É importante notar que Jean Piaget ocupou o cargo de diretor do BIE de 1929 a 1968. Segundo Loureiro e Assis (2018), o convite formulado por Édouard Claparède a Jean Piaget para assumir um cargo no Instituto Jean-Jacques Rousseau (IJJR) e no BIE foi motivado por uma publicação de Piaget na revista Archives de Psychologie. O BIE tinha como finalidade “[...] desenvolver estudos de cunho estritamente científico e de neutralidade política, filosófica, religiosa e nacionalista para a promoção da paz e a cooperação internacional pela educação, tendo como pano de fundo o diálogo entre as nações” (Loureiro; Assis, 2018, p. 260).

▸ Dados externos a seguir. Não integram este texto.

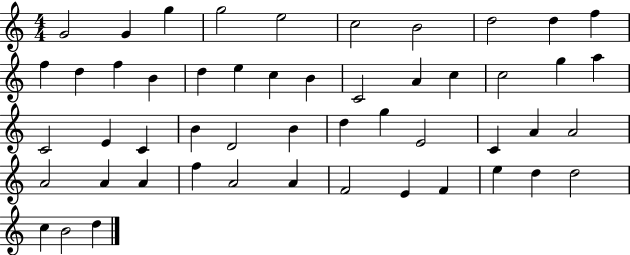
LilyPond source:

{
  \clef treble
  \numericTimeSignature
  \time 4/4
  \key c \major
  g'2 g'4 g''4 | g''2 e''2 | c''2 b'2 | d''2 d''4 f''4 | \break f''4 d''4 f''4 b'4 | d''4 e''4 c''4 b'4 | c'2 a'4 c''4 | c''2 g''4 a''4 | \break c'2 e'4 c'4 | b'4 d'2 b'4 | d''4 g''4 e'2 | c'4 a'4 a'2 | \break a'2 a'4 a'4 | f''4 a'2 a'4 | f'2 e'4 f'4 | e''4 d''4 d''2 | \break c''4 b'2 d''4 | \bar "|."
}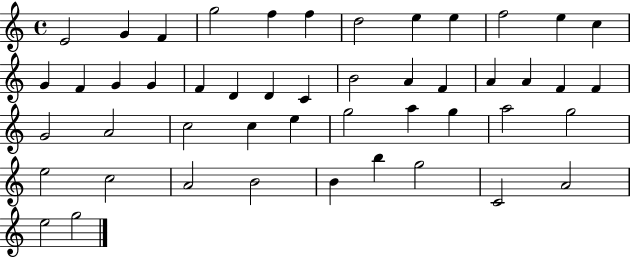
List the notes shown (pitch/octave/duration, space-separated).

E4/h G4/q F4/q G5/h F5/q F5/q D5/h E5/q E5/q F5/h E5/q C5/q G4/q F4/q G4/q G4/q F4/q D4/q D4/q C4/q B4/h A4/q F4/q A4/q A4/q F4/q F4/q G4/h A4/h C5/h C5/q E5/q G5/h A5/q G5/q A5/h G5/h E5/h C5/h A4/h B4/h B4/q B5/q G5/h C4/h A4/h E5/h G5/h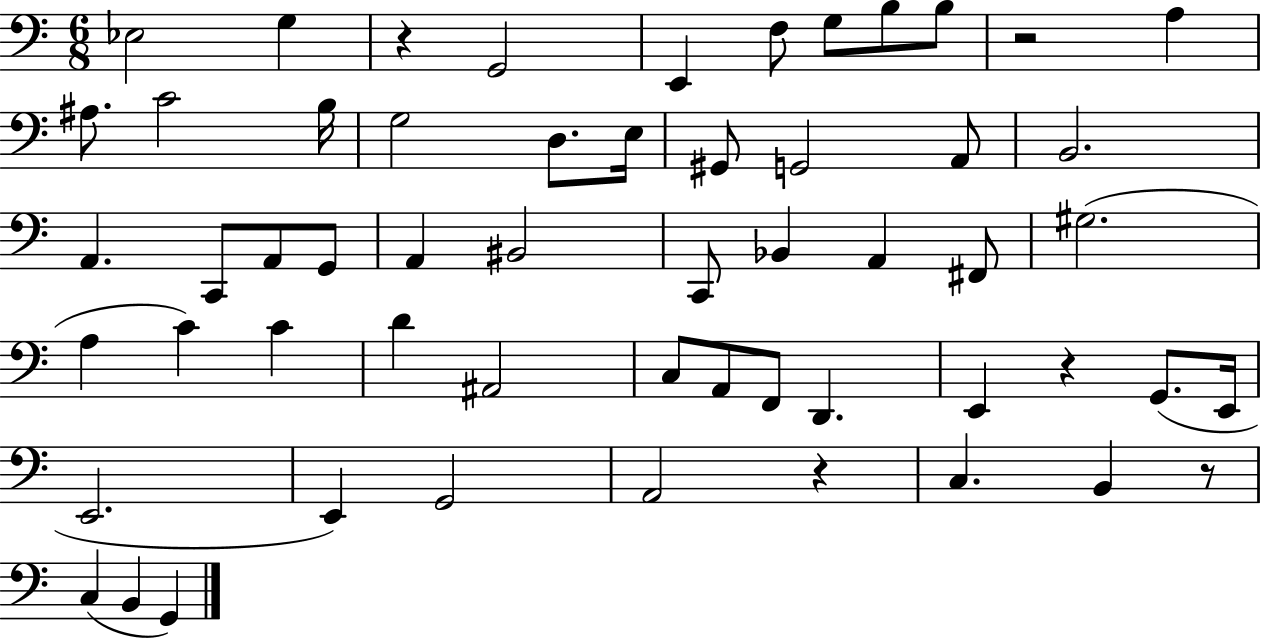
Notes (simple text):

Eb3/h G3/q R/q G2/h E2/q F3/e G3/e B3/e B3/e R/h A3/q A#3/e. C4/h B3/s G3/h D3/e. E3/s G#2/e G2/h A2/e B2/h. A2/q. C2/e A2/e G2/e A2/q BIS2/h C2/e Bb2/q A2/q F#2/e G#3/h. A3/q C4/q C4/q D4/q A#2/h C3/e A2/e F2/e D2/q. E2/q R/q G2/e. E2/s E2/h. E2/q G2/h A2/h R/q C3/q. B2/q R/e C3/q B2/q G2/q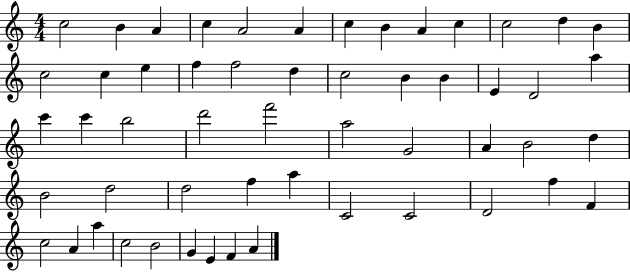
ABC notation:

X:1
T:Untitled
M:4/4
L:1/4
K:C
c2 B A c A2 A c B A c c2 d B c2 c e f f2 d c2 B B E D2 a c' c' b2 d'2 f'2 a2 G2 A B2 d B2 d2 d2 f a C2 C2 D2 f F c2 A a c2 B2 G E F A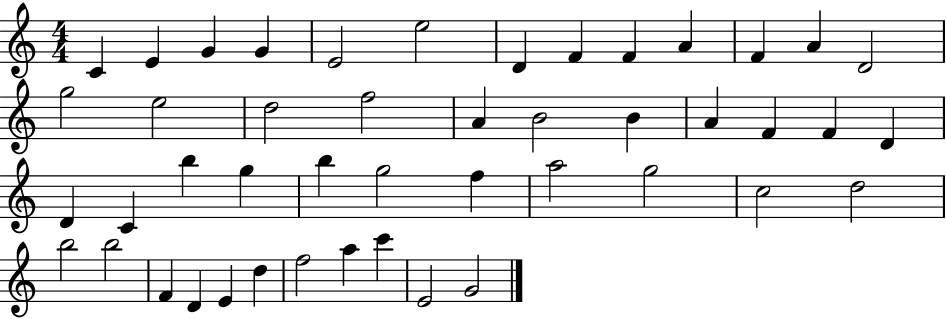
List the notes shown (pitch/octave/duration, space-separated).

C4/q E4/q G4/q G4/q E4/h E5/h D4/q F4/q F4/q A4/q F4/q A4/q D4/h G5/h E5/h D5/h F5/h A4/q B4/h B4/q A4/q F4/q F4/q D4/q D4/q C4/q B5/q G5/q B5/q G5/h F5/q A5/h G5/h C5/h D5/h B5/h B5/h F4/q D4/q E4/q D5/q F5/h A5/q C6/q E4/h G4/h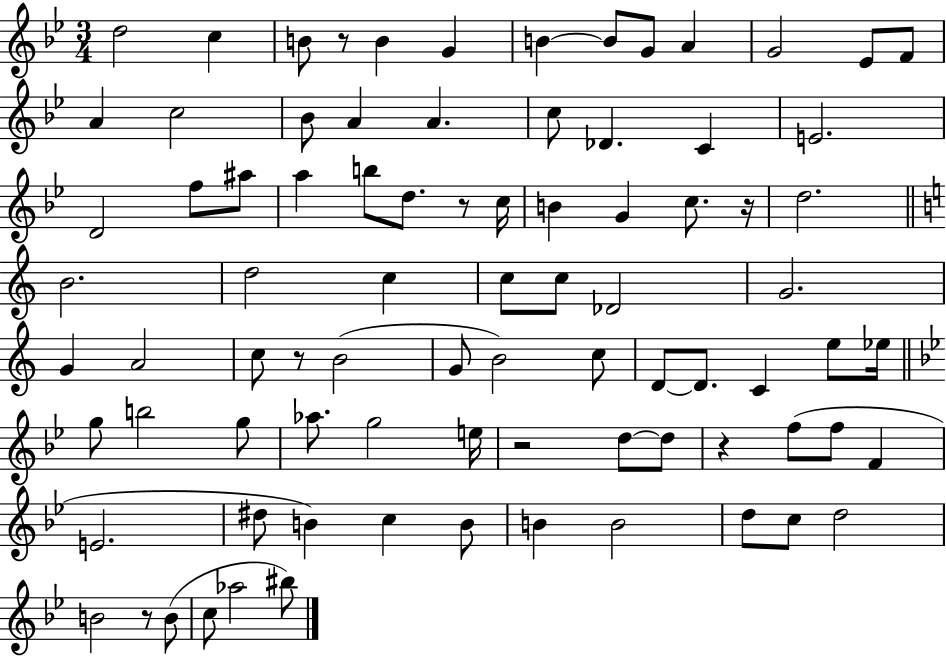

O renome internacional alcançado pelo BIE na primeira metade do século XX possibilitou que a instituição mantivesse, pelo menos desde 1934, reuniões anuais regulares convocadas pelo governo suíço com a participação de até 60 países. Em 1939, as reuniões foram suspensas devido ao início da Segunda Grande Guerra, tendo sido retomadas em 1946. Em 1947, ainda sob a direção de Jean Piaget, o BIE assinou um acordo de cooperação com a Unesco e foi “[...] constituída uma Comissão mista para fixar as bases desta cooperação” (Brasil, 1965, p. XII). Desde então, as conferências passaram a ser convocadas em conjunto com a Unesco e, desde 1969, o Instituto é parte integrante da Organização, embora mantenha sua autonomia intelectual e funcional.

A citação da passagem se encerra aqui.